Short descriptive text snippets

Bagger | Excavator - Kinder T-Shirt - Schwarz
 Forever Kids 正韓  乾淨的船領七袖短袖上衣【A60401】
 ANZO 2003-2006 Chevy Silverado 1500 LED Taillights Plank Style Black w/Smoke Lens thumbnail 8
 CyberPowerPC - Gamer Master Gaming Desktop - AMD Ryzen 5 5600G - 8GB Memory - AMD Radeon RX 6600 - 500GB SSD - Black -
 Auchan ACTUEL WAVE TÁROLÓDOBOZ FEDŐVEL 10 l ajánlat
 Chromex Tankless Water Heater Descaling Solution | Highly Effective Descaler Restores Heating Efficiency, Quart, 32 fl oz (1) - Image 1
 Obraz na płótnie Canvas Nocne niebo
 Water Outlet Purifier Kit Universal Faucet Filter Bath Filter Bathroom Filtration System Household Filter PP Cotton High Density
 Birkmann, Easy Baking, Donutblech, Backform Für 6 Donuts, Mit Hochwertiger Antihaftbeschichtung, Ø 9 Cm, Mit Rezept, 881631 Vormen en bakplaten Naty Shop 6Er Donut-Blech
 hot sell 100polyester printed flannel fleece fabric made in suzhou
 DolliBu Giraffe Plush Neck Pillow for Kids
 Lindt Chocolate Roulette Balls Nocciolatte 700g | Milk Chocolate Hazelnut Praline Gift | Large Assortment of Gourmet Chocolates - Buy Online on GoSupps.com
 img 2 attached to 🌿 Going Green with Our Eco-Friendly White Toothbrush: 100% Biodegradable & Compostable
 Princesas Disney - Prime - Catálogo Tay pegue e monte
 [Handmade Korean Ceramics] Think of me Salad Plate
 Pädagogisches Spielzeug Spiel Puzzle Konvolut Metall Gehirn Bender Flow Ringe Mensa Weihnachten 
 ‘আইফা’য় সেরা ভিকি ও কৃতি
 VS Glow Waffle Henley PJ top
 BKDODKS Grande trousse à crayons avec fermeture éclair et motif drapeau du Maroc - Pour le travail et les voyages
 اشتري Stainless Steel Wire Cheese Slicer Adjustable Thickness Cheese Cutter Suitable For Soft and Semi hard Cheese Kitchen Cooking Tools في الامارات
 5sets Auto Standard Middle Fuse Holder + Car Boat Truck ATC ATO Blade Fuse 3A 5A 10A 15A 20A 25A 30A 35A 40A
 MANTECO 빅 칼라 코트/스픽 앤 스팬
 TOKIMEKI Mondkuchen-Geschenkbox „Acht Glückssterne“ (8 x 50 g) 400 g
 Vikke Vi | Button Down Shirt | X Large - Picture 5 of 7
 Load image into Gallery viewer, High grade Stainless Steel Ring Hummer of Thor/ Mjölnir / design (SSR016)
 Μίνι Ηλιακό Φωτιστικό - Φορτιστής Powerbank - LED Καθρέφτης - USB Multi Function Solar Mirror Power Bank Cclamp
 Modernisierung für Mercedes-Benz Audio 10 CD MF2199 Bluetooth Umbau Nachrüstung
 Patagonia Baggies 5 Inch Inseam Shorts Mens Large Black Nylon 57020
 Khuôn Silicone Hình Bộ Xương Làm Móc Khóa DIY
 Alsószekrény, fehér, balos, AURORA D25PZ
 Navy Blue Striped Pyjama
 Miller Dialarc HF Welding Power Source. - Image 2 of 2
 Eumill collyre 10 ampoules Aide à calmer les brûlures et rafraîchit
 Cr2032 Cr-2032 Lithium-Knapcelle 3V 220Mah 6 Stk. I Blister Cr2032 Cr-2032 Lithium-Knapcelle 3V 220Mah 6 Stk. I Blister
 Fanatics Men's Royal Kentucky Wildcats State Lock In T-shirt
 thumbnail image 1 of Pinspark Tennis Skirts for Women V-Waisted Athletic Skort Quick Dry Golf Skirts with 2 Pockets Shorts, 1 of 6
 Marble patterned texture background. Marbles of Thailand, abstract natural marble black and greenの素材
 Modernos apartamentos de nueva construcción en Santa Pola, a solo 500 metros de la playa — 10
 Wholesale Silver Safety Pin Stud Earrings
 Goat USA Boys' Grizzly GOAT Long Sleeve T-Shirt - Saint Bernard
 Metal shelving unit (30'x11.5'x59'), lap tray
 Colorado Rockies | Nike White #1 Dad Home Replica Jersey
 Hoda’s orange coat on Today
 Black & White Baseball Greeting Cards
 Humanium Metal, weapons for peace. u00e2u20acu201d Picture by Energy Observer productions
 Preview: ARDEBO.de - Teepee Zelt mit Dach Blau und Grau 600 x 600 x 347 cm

## [What you have to do]
Respond with only the number of lines above that include the string "Kids".

## [Result]
2